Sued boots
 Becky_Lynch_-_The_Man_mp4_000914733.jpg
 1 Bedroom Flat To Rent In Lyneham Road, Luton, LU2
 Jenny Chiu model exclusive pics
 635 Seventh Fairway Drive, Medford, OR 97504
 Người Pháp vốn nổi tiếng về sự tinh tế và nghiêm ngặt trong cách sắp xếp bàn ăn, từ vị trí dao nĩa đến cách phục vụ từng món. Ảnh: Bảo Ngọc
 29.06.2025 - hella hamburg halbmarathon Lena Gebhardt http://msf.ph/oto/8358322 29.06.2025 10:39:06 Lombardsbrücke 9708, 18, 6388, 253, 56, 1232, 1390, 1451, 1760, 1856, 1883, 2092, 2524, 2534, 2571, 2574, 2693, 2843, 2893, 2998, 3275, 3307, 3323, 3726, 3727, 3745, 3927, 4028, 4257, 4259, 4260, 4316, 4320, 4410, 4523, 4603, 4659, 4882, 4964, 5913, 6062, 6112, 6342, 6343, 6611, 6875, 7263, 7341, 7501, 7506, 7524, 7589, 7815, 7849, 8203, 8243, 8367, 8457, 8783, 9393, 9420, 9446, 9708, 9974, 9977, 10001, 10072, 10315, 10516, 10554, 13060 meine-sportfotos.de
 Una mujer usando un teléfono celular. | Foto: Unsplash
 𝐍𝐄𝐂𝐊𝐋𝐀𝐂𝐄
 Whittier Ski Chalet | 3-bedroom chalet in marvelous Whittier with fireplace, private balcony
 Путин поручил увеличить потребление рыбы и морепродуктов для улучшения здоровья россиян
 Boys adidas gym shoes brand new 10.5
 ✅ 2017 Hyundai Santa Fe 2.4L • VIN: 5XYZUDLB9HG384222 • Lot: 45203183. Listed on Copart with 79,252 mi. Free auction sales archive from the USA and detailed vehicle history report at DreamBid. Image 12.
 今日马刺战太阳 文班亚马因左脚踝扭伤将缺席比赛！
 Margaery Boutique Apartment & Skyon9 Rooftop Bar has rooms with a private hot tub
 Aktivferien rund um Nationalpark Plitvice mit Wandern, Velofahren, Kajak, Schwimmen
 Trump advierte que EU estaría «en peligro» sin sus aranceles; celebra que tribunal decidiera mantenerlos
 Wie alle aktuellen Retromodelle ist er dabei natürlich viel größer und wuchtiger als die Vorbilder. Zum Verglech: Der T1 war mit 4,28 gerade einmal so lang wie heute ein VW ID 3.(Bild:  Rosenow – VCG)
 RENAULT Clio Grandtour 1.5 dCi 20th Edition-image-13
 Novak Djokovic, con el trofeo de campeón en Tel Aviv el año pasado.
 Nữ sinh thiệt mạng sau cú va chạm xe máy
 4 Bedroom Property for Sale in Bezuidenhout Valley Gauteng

▸ AIM OF THE TASK:
Above are the entries; copy every line among them that contains the word "private".

▸ RESULT FOR THIS TASK:
 Whittier Ski Chalet | 3-bedroom chalet in marvelous Whittier with fireplace, private balcony
 Margaery Boutique Apartment & Skyon9 Rooftop Bar has rooms with a private hot tub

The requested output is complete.